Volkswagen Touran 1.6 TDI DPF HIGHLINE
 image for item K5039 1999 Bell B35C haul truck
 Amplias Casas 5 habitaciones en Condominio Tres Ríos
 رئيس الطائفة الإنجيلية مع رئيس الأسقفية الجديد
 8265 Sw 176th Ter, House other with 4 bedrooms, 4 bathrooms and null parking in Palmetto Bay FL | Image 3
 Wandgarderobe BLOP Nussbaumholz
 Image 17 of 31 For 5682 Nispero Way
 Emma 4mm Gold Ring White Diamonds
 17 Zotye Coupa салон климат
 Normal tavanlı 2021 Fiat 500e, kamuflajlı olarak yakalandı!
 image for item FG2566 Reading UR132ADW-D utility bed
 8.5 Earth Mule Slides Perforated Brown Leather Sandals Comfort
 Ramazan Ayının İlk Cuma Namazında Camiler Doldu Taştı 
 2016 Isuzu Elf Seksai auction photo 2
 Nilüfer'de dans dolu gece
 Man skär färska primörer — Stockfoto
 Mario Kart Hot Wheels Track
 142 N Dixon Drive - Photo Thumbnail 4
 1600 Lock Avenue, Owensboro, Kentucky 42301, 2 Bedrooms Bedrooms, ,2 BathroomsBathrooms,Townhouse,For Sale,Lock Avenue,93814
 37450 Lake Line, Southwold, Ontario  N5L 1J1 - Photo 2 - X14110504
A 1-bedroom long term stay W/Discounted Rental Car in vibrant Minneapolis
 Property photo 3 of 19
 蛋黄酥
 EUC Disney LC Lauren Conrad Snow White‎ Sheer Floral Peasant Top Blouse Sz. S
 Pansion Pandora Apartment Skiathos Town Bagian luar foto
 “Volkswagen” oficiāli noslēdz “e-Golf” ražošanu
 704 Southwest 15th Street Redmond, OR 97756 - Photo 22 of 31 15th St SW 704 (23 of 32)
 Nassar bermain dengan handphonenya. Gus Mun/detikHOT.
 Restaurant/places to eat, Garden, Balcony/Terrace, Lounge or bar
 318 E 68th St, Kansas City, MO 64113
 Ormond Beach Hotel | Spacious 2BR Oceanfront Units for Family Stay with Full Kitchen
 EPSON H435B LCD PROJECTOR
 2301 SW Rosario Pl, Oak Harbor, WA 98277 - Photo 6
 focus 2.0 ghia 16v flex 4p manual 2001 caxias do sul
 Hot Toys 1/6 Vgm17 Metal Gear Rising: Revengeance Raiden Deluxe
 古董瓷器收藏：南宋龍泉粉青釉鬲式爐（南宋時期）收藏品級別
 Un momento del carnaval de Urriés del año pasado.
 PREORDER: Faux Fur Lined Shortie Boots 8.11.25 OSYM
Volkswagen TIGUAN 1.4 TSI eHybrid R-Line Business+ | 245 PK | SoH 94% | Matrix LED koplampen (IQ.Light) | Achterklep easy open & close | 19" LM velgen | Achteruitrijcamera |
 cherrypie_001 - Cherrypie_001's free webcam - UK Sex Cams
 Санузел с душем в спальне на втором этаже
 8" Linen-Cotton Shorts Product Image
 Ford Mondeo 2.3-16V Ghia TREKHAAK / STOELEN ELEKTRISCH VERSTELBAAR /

**WHAT THIS TASK INVOLVES**
Looking at the data above, return every line from the one with "318 E 68th St, Kansas City, MO 64113" down to the one with "PREORDER: Faux Fur", exactly and inclusively.

**EXERCISE RESULT**
 318 E 68th St, Kansas City, MO 64113
 Ormond Beach Hotel | Spacious 2BR Oceanfront Units for Family Stay with Full Kitchen
 EPSON H435B LCD PROJECTOR
 2301 SW Rosario Pl, Oak Harbor, WA 98277 - Photo 6
 focus 2.0 ghia 16v flex 4p manual 2001 caxias do sul
 Hot Toys 1/6 Vgm17 Metal Gear Rising: Revengeance Raiden Deluxe
 古董瓷器收藏：南宋龍泉粉青釉鬲式爐（南宋時期）收藏品級別
 Un momento del carnaval de Urriés del año pasado.
 PREORDER: Faux Fur Lined Shortie Boots 8.11.25 OSYM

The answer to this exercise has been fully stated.